Deciphering key nano-bio interface descriptors to predict nanoparticle-induced lung fibrosis.

Abstract

Background: The advancement of nanotechnology underscores the imperative need for establishing in silico predictive models to assess safety, particularly in the context of chronic respiratory afflictions such as lung fibrosis, a pathogenic transformation that is irreversible. While the compilation of predictive descriptors is pivotal for in silico model development, key features specifically tailored for predicting lung fibrosis remain elusive. This study aimed to uncover the essential predictive descriptors governing nanoparticle-induced pulmonary fibrosis.

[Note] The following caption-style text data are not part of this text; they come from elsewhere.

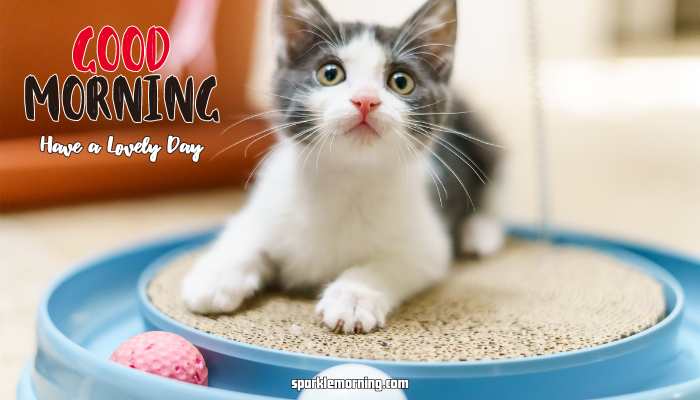 Good Morning Cute Images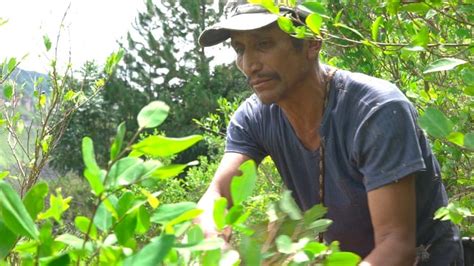 Power Leaves: Sugar reduction with coca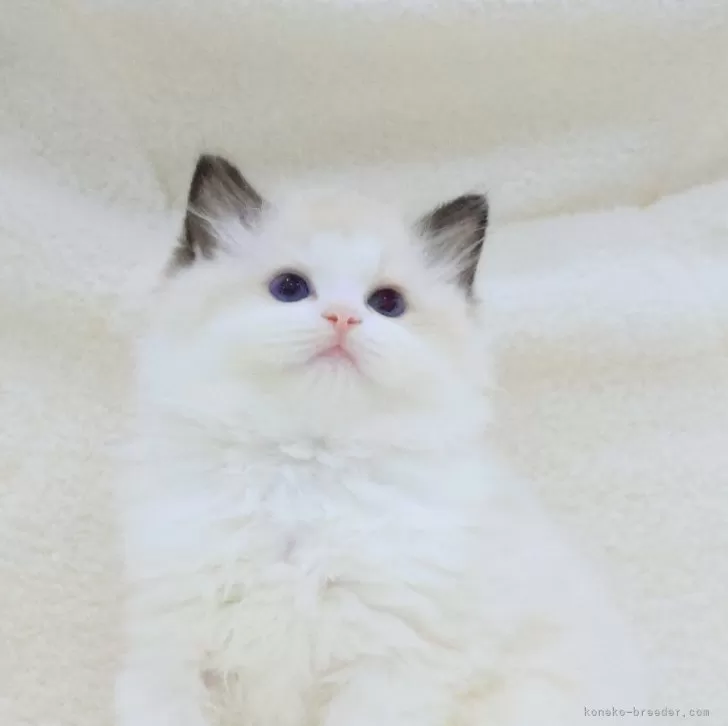 ID：2409-02259の子猫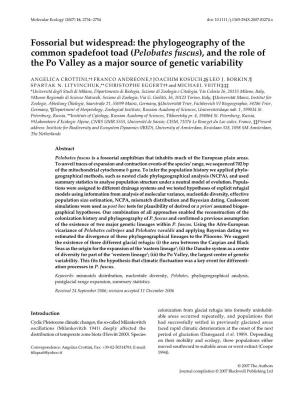 The Phylogeography of the Common Spadefoot Toad (Pelobates Fuscus), and the Role of the Po Valley As a Major Source of Genetic Variability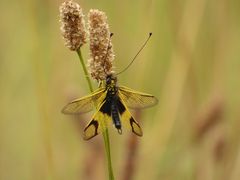 Libelloides longicornis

Methods: We conducted a comprehensive analysis of the trajectory of metal oxide nanoparticles (MeONPs) within pulmonary systems. Two biological media (simulated lung fluid and phagolysosomal simulated fluid) and two cell lines (macrophages and epithelial cells) were meticulously chosen to scrutinize MeONP behaviors. Their interactions with MeONPs, also referred to as nano-bio interactions, can lead to alterations in the properties of the MeONPs as well as specific cellular responses. Physicochemical properties of MeONPs were assessed in biological media. The impact of MeONPs on cell membranes, lysosomes, mitochondria, and cytoplasmic components was evaluated using fluorescent probes, colorimetric enzyme substrates, and ELISA. The fibrogenic potential of MeONPs in mouse lungs was assessed by examining collagen deposition and growth factor release. Random forest classification was employed for analyzing in chemico, in vitro and in vivo data to identify predictive descriptors.

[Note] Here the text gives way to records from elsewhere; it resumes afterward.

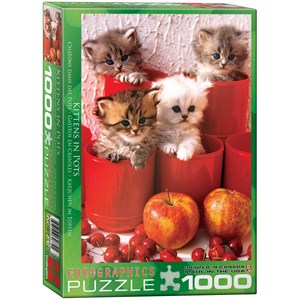 Eurographics (6000-4674) - "Chatons en pots" - 1000 pièces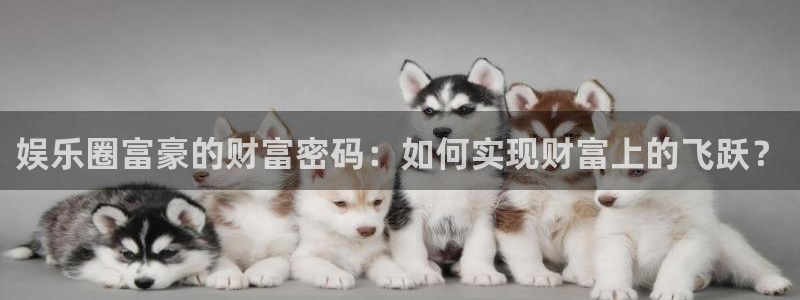 凯发k8国际网站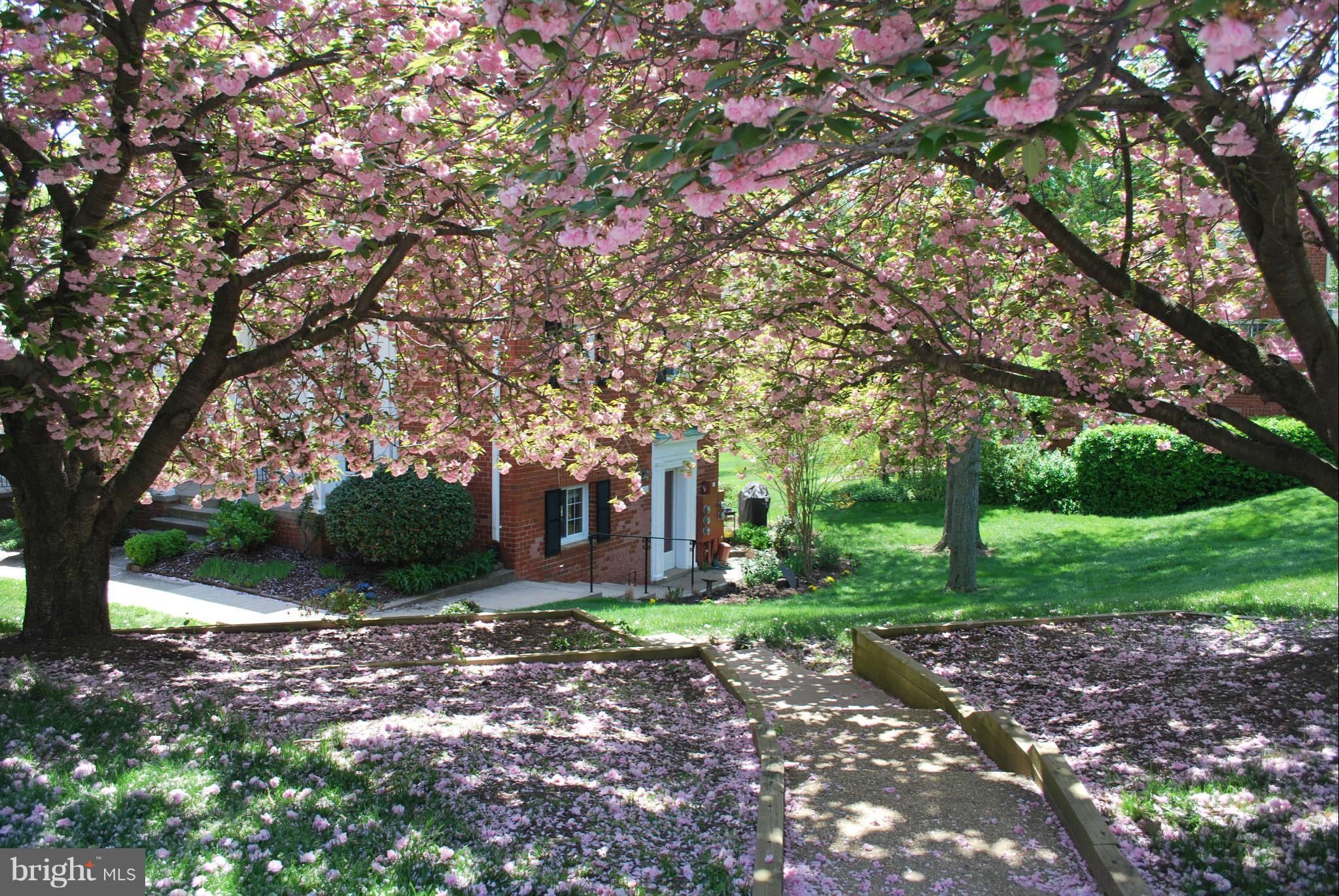 1770 Preston Road, Unit 823 Alexandria, VA 22302 - Photo 20 of 21 View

Results: The nano-bio interactions induced diverse changes in the 4 characteristics of MeONPs and had variable effects on the 14 cellular functions, which were quantitatively evaluated in chemico and in vitro. Among these 18 quantitative features, seven features were found to play key roles in predicting the pro-fibrogenic potential of MeONPs. Notably, IL-1β was identified as the most important feature, contributing 27.8% to the model's prediction. Mitochondrial activity (specifically NADH levels) in macrophages followed closely with a contribution of 17.6%. The remaining five key features include TGF-β1 release and NADH levels in epithelial cells, dissolution in lysosomal simulated fluids, zeta potential, and the hydrodynamic size of MeONPs.

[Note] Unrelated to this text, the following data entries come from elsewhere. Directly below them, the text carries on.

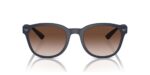 Emporio Armani Ea 4225u (EA 4225U_5088-13_53) Men's EYEWEAR_1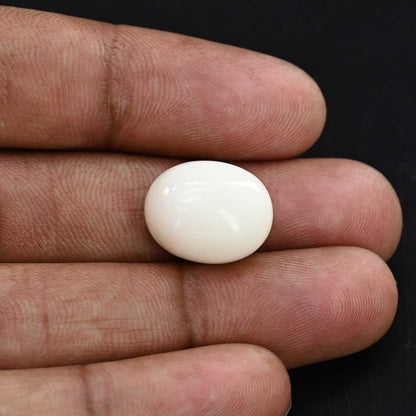 Japani White Coral 19 Carat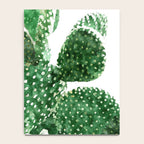 Velvet Cactus | Watercolor Botanical Plants | Minimal Boho Scandinavian Painting Notebook Gallery Image 4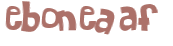 Captcha 챌린지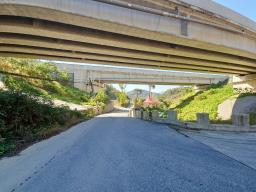 양평군 양서면 증동리 청계산 의 아침_썸네일_8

Conclusions: The pro-fibrogenic potential of MeONPs can be predicted by combination of key features at nano-bio interfaces, simulating their behavior and interactions within the lung environment. Among the 18 quantitative features, a combination of seven in chemico and in vitro descriptors could be leveraged to predict lung fibrosis in animals. Our findings offer crucial insights for developing in silico predictive models for nano-induced pulmonary fibrosis.